Collection entries
[Start of section]
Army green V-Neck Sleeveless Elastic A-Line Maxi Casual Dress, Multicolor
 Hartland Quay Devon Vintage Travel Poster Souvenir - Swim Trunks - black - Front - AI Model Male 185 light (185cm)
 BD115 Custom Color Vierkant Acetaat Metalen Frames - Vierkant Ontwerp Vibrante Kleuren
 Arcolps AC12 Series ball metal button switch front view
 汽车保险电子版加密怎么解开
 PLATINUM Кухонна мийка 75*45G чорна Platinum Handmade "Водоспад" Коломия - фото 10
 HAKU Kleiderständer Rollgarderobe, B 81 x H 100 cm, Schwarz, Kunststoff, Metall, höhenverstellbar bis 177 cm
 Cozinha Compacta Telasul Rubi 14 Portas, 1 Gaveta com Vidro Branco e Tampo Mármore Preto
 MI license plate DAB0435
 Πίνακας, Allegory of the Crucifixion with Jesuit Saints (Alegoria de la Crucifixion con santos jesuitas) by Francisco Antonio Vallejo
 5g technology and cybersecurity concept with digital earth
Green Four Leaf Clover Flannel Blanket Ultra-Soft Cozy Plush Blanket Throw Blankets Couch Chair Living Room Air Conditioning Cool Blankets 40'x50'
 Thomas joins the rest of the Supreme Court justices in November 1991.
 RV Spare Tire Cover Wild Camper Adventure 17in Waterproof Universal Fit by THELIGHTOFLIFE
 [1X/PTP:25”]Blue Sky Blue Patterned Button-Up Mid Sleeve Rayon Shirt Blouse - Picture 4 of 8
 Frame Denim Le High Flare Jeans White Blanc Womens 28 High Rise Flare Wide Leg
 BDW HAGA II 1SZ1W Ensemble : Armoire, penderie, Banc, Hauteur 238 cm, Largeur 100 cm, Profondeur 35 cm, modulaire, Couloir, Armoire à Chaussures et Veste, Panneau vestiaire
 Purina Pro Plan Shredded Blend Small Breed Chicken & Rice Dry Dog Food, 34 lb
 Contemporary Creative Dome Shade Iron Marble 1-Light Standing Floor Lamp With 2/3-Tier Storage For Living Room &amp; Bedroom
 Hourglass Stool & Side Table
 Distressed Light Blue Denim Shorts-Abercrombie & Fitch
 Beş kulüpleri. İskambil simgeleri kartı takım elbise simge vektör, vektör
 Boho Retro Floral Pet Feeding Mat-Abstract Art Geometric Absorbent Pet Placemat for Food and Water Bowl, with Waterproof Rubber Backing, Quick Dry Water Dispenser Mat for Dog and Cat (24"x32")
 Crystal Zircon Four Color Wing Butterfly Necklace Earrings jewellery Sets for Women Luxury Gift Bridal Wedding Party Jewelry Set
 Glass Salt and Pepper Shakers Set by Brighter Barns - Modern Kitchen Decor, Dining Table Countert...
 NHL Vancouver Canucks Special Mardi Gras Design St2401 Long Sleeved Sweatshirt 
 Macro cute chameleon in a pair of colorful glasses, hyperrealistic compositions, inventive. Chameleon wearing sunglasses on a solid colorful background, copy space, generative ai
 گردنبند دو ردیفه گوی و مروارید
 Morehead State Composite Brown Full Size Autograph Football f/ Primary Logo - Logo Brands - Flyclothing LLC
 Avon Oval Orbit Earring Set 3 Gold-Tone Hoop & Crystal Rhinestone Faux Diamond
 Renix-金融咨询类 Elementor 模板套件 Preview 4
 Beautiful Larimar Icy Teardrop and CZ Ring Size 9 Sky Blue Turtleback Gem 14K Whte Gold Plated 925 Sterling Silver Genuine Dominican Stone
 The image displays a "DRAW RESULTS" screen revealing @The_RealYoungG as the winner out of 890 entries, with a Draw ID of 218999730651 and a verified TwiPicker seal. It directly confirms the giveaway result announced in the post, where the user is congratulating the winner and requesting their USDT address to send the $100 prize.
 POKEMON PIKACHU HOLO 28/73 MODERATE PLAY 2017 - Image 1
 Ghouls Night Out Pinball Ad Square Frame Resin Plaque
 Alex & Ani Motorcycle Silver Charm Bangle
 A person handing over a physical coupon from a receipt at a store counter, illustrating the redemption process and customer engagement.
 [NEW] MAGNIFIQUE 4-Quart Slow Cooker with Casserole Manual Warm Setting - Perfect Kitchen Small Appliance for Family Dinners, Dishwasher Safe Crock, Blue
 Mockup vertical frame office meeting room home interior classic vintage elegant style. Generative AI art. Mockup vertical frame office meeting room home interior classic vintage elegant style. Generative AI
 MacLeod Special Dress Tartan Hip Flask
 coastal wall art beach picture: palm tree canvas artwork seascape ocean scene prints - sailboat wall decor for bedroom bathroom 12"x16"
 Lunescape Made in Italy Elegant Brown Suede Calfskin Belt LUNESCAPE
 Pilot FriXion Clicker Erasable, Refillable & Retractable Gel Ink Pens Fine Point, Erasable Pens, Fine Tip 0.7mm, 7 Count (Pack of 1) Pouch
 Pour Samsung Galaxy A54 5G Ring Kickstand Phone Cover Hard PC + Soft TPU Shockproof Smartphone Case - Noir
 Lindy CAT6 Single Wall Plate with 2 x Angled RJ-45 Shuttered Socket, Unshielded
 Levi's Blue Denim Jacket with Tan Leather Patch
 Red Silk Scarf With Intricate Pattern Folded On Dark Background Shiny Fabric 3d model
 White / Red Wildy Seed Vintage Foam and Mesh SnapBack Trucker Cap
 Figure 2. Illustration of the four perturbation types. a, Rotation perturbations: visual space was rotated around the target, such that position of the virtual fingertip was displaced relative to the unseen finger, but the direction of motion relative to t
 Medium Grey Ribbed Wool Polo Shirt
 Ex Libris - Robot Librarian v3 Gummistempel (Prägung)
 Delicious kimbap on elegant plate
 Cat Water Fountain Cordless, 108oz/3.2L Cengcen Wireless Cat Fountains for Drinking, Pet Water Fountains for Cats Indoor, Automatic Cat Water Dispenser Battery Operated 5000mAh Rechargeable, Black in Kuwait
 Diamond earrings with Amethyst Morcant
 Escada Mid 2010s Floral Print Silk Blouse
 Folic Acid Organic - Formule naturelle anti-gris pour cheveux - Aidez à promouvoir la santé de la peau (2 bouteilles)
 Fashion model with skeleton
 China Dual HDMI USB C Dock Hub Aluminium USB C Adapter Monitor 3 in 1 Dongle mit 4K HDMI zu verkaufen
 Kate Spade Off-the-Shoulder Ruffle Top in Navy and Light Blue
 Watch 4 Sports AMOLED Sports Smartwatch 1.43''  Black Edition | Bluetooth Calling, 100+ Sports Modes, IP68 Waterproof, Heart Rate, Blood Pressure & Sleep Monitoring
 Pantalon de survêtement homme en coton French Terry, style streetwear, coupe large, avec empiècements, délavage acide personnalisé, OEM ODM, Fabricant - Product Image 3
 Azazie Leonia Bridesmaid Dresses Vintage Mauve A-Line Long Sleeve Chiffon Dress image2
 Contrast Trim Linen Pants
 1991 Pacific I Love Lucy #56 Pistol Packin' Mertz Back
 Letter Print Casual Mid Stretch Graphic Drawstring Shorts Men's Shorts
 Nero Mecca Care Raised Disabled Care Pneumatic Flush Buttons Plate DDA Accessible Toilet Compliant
[End of section]
Nothing in the records may change; output all of them exactly.

Army green V-Neck Sleeveless Elastic A-Line Maxi Casual Dress, Multicolor
 Hartland Quay Devon Vintage Travel Poster Souvenir - Swim Trunks - black - Front - AI Model Male 185 light (185cm)
 BD115 Custom Color Vierkant Acetaat Metalen Frames - Vierkant Ontwerp Vibrante Kleuren
 Arcolps AC12 Series ball metal button switch front view
 汽车保险电子版加密怎么解开
 PLATINUM Кухонна мийка 75*45G чорна Platinum Handmade "Водоспад" Коломия - фото 10
 HAKU Kleiderständer Rollgarderobe, B 81 x H 100 cm, Schwarz, Kunststoff, Metall, höhenverstellbar bis 177 cm
 Cozinha Compacta Telasul Rubi 14 Portas, 1 Gaveta com Vidro Branco e Tampo Mármore Preto
 MI license plate DAB0435
 Πίνακας, Allegory of the Crucifixion with Jesuit Saints (Alegoria de la Crucifixion con santos jesuitas) by Francisco Antonio Vallejo
 5g technology and cybersecurity concept with digital earth
Green Four Leaf Clover Flannel Blanket Ultra-Soft Cozy Plush Blanket Throw Blankets Couch Chair Living Room Air Conditioning Cool Blankets 40'x50'
 Thomas joins the rest of the Supreme Court justices in November 1991.
 RV Spare Tire Cover Wild Camper Adventure 17in Waterproof Universal Fit by THELIGHTOFLIFE
 [1X/PTP:25”]Blue Sky Blue Patterned Button-Up Mid Sleeve Rayon Shirt Blouse - Picture 4 of 8
 Frame Denim Le High Flare Jeans White Blanc Womens 28 High Rise Flare Wide Leg
 BDW HAGA II 1SZ1W Ensemble : Armoire, penderie, Banc, Hauteur 238 cm, Largeur 100 cm, Profondeur 35 cm, modulaire, Couloir, Armoire à Chaussures et Veste, Panneau vestiaire
 Purina Pro Plan Shredded Blend Small Breed Chicken & Rice Dry Dog Food, 34 lb
 Contemporary Creative Dome Shade Iron Marble 1-Light Standing Floor Lamp With 2/3-Tier Storage For Living Room &amp; Bedroom
 Hourglass Stool & Side Table
 Distressed Light Blue Denim Shorts-Abercrombie & Fitch
 Beş kulüpleri. İskambil simgeleri kartı takım elbise simge vektör, vektör
 Boho Retro Floral Pet Feeding Mat-Abstract Art Geometric Absorbent Pet Placemat for Food and Water Bowl, with Waterproof Rubber Backing, Quick Dry Water Dispenser Mat for Dog and Cat (24"x32")
 Crystal Zircon Four Color Wing Butterfly Necklace Earrings jewellery Sets for Women Luxury Gift Bridal Wedding Party Jewelry Set
 Glass Salt and Pepper Shakers Set by Brighter Barns - Modern Kitchen Decor, Dining Table Countert...
 NHL Vancouver Canucks Special Mardi Gras Design St2401 Long Sleeved Sweatshirt 
 Macro cute chameleon in a pair of colorful glasses, hyperrealistic compositions, inventive. Chameleon wearing sunglasses on a solid colorful background, copy space, generative ai
 گردنبند دو ردیفه گوی و مروارید
 Morehead State Composite Brown Full Size Autograph Football f/ Primary Logo - Logo Brands - Flyclothing LLC
 Avon Oval Orbit Earring Set 3 Gold-Tone Hoop & Crystal Rhinestone Faux Diamond
 Renix-金融咨询类 Elementor 模板套件 Preview 4
 Beautiful Larimar Icy Teardrop and CZ Ring Size 9 Sky Blue Turtleback Gem 14K Whte Gold Plated 925 Sterling Silver Genuine Dominican Stone
 The image displays a "DRAW RESULTS" screen revealing @The_RealYoungG as the winner out of 890 entries, with a Draw ID of 218999730651 and a verified TwiPicker seal. It directly confirms the giveaway result announced in the post, where the user is congratulating the winner and requesting their USDT address to send the $100 prize.
 POKEMON PIKACHU HOLO 28/73 MODERATE PLAY 2017 - Image 1
 Ghouls Night Out Pinball Ad Square Frame Resin Plaque
 Alex & Ani Motorcycle Silver Charm Bangle
 A person handing over a physical coupon from a receipt at a store counter, illustrating the redemption process and customer engagement.
 [NEW] MAGNIFIQUE 4-Quart Slow Cooker with Casserole Manual Warm Setting - Perfect Kitchen Small Appliance for Family Dinners, Dishwasher Safe Crock, Blue
 Mockup vertical frame office meeting room home interior classic vintage elegant style. Generative AI art. Mockup vertical frame office meeting room home interior classic vintage elegant style. Generative AI
 MacLeod Special Dress Tartan Hip Flask
 coastal wall art beach picture: palm tree canvas artwork seascape ocean scene prints - sailboat wall decor for bedroom bathroom 12"x16"
 Lunescape Made in Italy Elegant Brown Suede Calfskin Belt LUNESCAPE
 Pilot FriXion Clicker Erasable, Refillable & Retractable Gel Ink Pens Fine Point, Erasable Pens, Fine Tip 0.7mm, 7 Count (Pack of 1) Pouch
 Pour Samsung Galaxy A54 5G Ring Kickstand Phone Cover Hard PC + Soft TPU Shockproof Smartphone Case - Noir
 Lindy CAT6 Single Wall Plate with 2 x Angled RJ-45 Shuttered Socket, Unshielded
 Levi's Blue Denim Jacket with Tan Leather Patch
 Red Silk Scarf With Intricate Pattern Folded On Dark Background Shiny Fabric 3d model
 White / Red Wildy Seed Vintage Foam and Mesh SnapBack Trucker Cap
 Figure 2. Illustration of the four perturbation types. a, Rotation perturbations: visual space was rotated around the target, such that position of the virtual fingertip was displaced relative to the unseen finger, but the direction of motion relative to t
 Medium Grey Ribbed Wool Polo Shirt
 Ex Libris - Robot Librarian v3 Gummistempel (Prägung)
 Delicious kimbap on elegant plate
 Cat Water Fountain Cordless, 108oz/3.2L Cengcen Wireless Cat Fountains for Drinking, Pet Water Fountains for Cats Indoor, Automatic Cat Water Dispenser Battery Operated 5000mAh Rechargeable, Black in Kuwait
 Diamond earrings with Amethyst Morcant
 Escada Mid 2010s Floral Print Silk Blouse
 Folic Acid Organic - Formule naturelle anti-gris pour cheveux - Aidez à promouvoir la santé de la peau (2 bouteilles)
 Fashion model with skeleton
 China Dual HDMI USB C Dock Hub Aluminium USB C Adapter Monitor 3 in 1 Dongle mit 4K HDMI zu verkaufen
 Kate Spade Off-the-Shoulder Ruffle Top in Navy and Light Blue
 Watch 4 Sports AMOLED Sports Smartwatch 1.43''  Black Edition | Bluetooth Calling, 100+ Sports Modes, IP68 Waterproof, Heart Rate, Blood Pressure & Sleep Monitoring
 Pantalon de survêtement homme en coton French Terry, style streetwear, coupe large, avec empiècements, délavage acide personnalisé, OEM ODM, Fabricant - Product Image 3
 Azazie Leonia Bridesmaid Dresses Vintage Mauve A-Line Long Sleeve Chiffon Dress image2
 Contrast Trim Linen Pants
 1991 Pacific I Love Lucy #56 Pistol Packin' Mertz Back
 Letter Print Casual Mid Stretch Graphic Drawstring Shorts Men's Shorts
 Nero Mecca Care Raised Disabled Care Pneumatic Flush Buttons Plate DDA Accessible Toilet Compliant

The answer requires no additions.